We? Was there a we? I didn’t know he was helping me with this. I had opened my mouth to answer—I had no idea what—when the office door swung open and Heather walked in.


•   •   •“Hi,” she said. And then she saw Nick and said, “Oh.”

She was wearing skinny jeans, Uggs, and her big parka. Her hair was in its usual bobby pin, her cheeks red with cold. Her eyes were bright like they were the first day I met her and she brought a wash of the cold night air through the door with her. She carried a plain manila file folder under her arm, stuffed with papers. She stopped short and looked at us.

“Heather,” I said as Nick turned in his chair to look.

“You’re Nick,” Heather said, fixing him with her gaze.

“You’re the roommate,” Nick said.

Heather nodded. Her eyes were slightly wide, the only tell she gave that she knew who he was. Only someone who knew her like I did would see it. Without another word to Nick, she turned to me. “I couldn’t sleep, and you don’t get any cell signal here. I have a bunch of stuff for you.”

“Are you okay?” I asked her. “Are you sure you should be doing this?”

“I’m okay now, I promise.” She put her file folder on the desk in front of me, next to the six-pack.

“Want a beer?” Nick asked her.

Heather shook her head and pointed a finger to her temple. “Messes with the meds,” she said, then turned back to me. “I’ve been on the Internet for hours. I went into some of my old files and on the message boards I know. Check out what I found.”

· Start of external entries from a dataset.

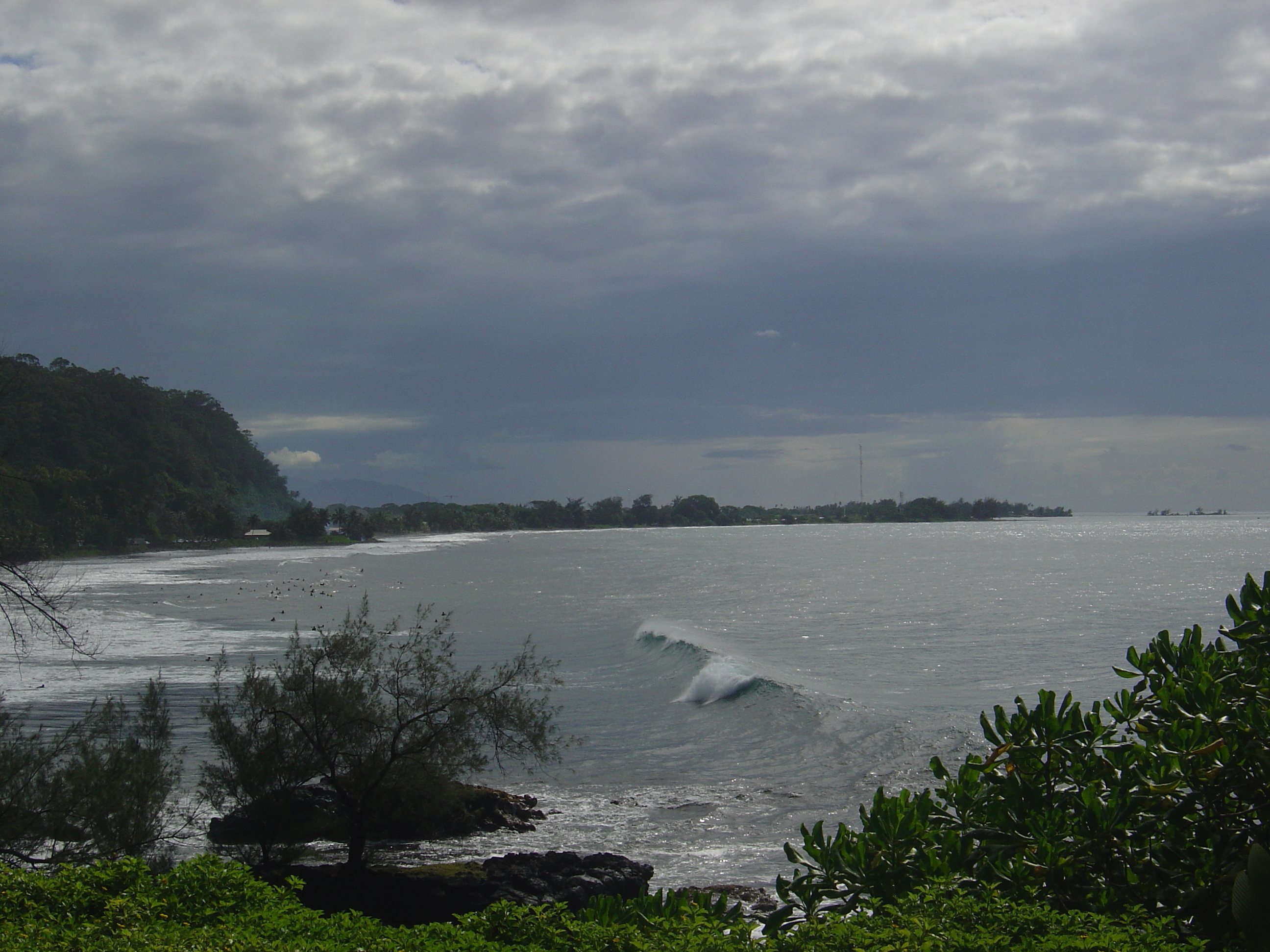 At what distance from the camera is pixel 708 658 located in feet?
125

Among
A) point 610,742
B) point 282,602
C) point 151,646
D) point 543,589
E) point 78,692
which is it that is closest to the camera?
point 610,742

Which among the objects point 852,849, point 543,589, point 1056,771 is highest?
point 1056,771

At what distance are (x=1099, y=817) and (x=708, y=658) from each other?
33.7m

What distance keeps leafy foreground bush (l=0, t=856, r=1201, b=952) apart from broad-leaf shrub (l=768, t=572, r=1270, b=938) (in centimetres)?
34

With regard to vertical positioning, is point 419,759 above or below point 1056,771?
below

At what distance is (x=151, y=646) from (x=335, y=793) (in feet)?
87.9

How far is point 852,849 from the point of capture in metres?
5.08

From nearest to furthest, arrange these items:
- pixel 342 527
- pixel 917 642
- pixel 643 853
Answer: pixel 643 853
pixel 917 642
pixel 342 527

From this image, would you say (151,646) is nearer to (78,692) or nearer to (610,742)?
(78,692)

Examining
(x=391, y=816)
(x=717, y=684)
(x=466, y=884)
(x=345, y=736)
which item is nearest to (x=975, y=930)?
(x=466, y=884)

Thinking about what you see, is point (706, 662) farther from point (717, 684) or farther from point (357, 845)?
point (357, 845)

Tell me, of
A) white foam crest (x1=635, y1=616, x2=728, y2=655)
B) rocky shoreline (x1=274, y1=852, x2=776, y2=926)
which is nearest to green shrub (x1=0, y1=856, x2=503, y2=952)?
rocky shoreline (x1=274, y1=852, x2=776, y2=926)

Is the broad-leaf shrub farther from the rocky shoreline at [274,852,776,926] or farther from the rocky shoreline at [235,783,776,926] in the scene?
the rocky shoreline at [274,852,776,926]

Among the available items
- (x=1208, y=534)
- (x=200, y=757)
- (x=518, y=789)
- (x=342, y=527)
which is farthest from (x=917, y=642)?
(x=1208, y=534) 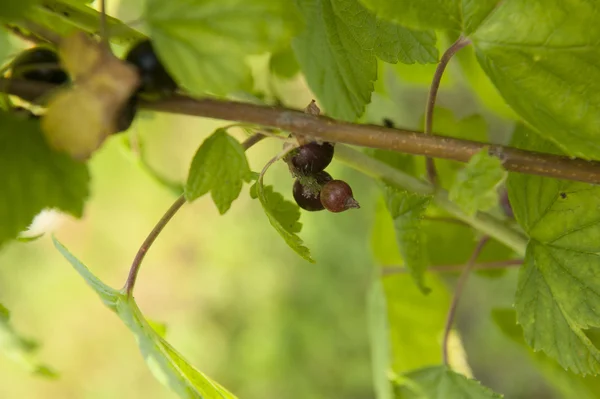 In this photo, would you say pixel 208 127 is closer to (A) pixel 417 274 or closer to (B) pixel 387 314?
(B) pixel 387 314

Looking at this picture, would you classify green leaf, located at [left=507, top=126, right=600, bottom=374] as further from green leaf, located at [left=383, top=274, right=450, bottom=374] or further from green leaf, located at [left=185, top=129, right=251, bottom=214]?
green leaf, located at [left=383, top=274, right=450, bottom=374]

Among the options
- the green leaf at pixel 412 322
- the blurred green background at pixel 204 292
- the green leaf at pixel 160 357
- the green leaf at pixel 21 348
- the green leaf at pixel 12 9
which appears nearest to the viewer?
the green leaf at pixel 12 9

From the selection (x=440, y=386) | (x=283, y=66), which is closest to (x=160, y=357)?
(x=440, y=386)

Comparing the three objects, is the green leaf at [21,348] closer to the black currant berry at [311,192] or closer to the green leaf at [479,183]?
the black currant berry at [311,192]

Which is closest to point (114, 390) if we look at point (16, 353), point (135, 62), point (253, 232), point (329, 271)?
point (253, 232)

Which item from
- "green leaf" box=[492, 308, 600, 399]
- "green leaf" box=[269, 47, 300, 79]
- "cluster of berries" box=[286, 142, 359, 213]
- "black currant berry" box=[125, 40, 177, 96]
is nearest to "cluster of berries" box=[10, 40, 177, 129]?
"black currant berry" box=[125, 40, 177, 96]

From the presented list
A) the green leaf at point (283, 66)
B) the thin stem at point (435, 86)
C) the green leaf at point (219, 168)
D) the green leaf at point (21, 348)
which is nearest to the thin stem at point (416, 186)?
the thin stem at point (435, 86) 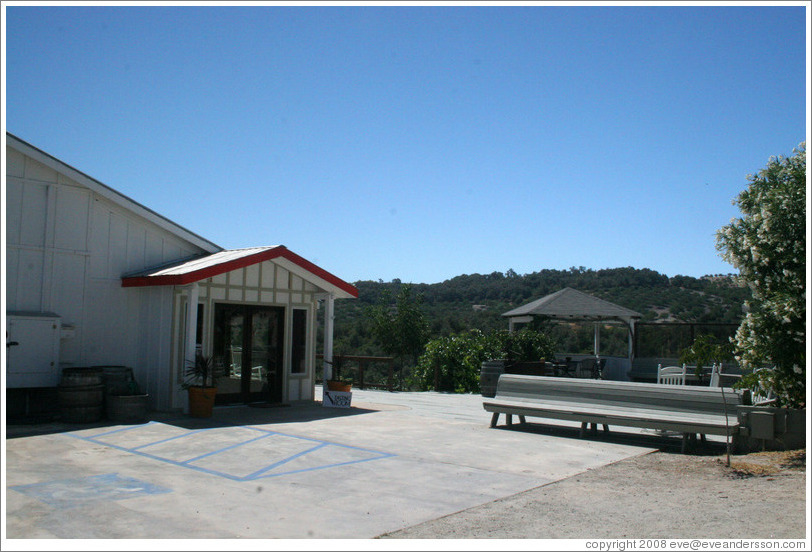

I opened the folder. The papers were printouts from websites: photos, articles, conversation threads on message boards. I saw Betty Graham’s formal portrait, her lovely and reserved face tilted to the camera. Cathy Caldwell at a Christmas party. Victoria Lee’s high school senior photo. And one other face I didn’t recognize. “Who is this?”

“This is the big find,” Heather said. “This is the one even I didn’t know about.” She pulled out the photo. The girl was obviously a teenager, smiling widely for the camera for her school photo. I felt my heart thud in my chest and my stomach sink. A teenager.

“This is Tracy Waters,” Heather said. “She lived two counties over. She disappeared on November 27, 1982. Her body was found in a ditch two days later.” She pushed the photo to the middle of the desk, so we could all see it. I felt horror creeping into the edges of my vision as I stared.

“November 29,” Nick said.

“Exactly,” Heather said. “Tracy’s body was found the same night that Vivian Delaney disappeared.”